What goes on behind the scenes in languages with an immutable string is along the lines of (in a Java/C#-ish pseudocode)
static string op+(string a, string b) {
char[] buf = new char[a.length + b.length];
arraycopy(a.buf, 0, buf, 0, a.length);
arraycopy(b.buf, 0, buf, a.length, b.length);
return new string(buf);
}
If you have m strings each of length n and you add them using + then the first + copies 2n chars, the second copies 3n chars, etc; the last copies mn chars. Overall cost is quadratic in m.

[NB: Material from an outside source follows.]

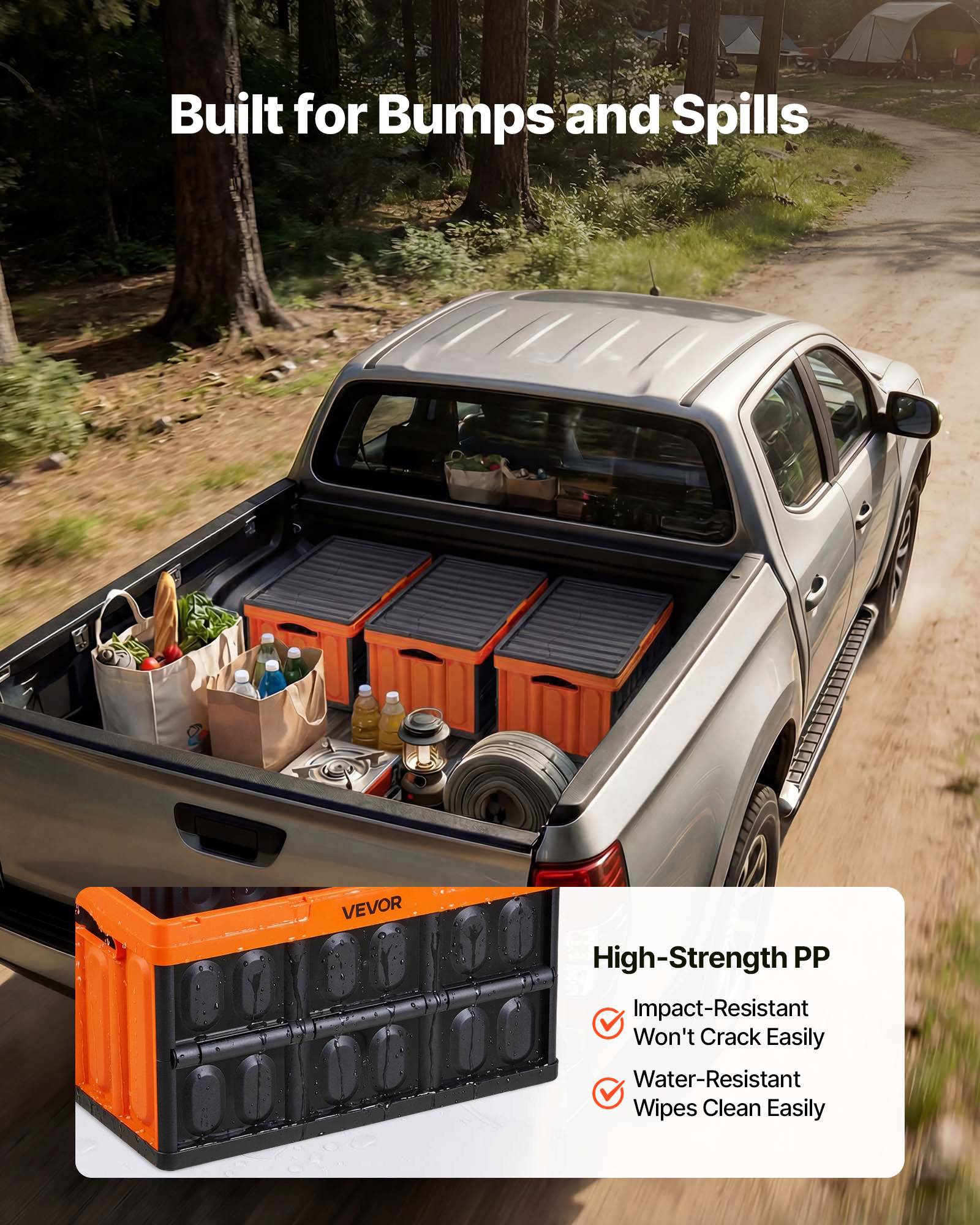 Vevor - VEVOR Caisse plastique pliable 45 L, lot de 3 avec couvercle, empilable, charge 20 kg par caisse, poignées ergonomiques, noir et orange. - Image 5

A string builder, on the other hand, has a backing array which it expands exponentially. So the append method would be something like
void append(string a) {
if (currentLength + a.length > buf.length) {
int newLength = buf.length * 2;
while(newLength < currentLength + a.length) newLength *= 2;
char[] newBuf = new buf[newLength];
arraycopy(buf, 0, newBuf, 0, currentLength);
buf = newBuf;
}
arraycopy(a.buf, 0, buf, currentLength, a.length);
currentLength += a.length;
}
There's an absolute minimum of mn character-copies required. The number of additional copies from expanding the buffer depends on its initial size, but we can bound it. If the final length of the buffer is N, expanding it to N copied no more than N/2 characters from a buffer no longer than N/2. We can reason inductively and deduce that so the total number of additional copies is no more than N/2 + N/4 + N/8 + ... = 2N. And from that you can show that the number of character-copies is linear in m.